Pictures in the data below are not part of the copy; transcribe everything else exactly.

- [RAW DATA]
++++++++++

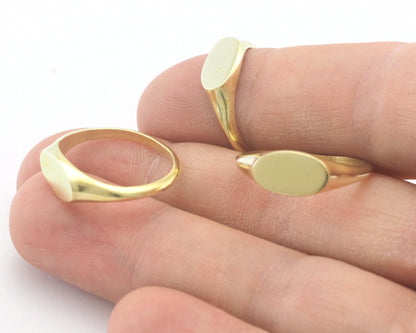 Minimalist Ring ring Raw brass with 11.8x6.8mm base setting 7.5US 18mm 4058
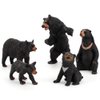 Realistic Wild Life Jungle Animal Figures Model Black Bear Family Playset Eduactional Toys Playset Figurine Statue Classroom Desktop Decoration for Kids Toddler Party Supplies(5 pcs)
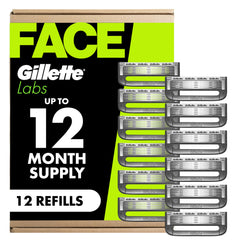 Gillette Labs front packaging showing 12-count refills and clear branding for easy restocking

++++++++++

- [ANSWER SPACE]
 Minimalist Ring ring Raw brass with 11.8x6.8mm base setting 7.5US 18mm 4058
 Realistic Wild Life Jungle Animal Figures Model Black Bear Family Playset Eduactional Toys Playset Figurine Statue Classroom Desktop Decoration for Kids Toddler Party Supplies(5 pcs)
 Gillette Labs front packaging showing 12-count refills and clear branding for easy restocking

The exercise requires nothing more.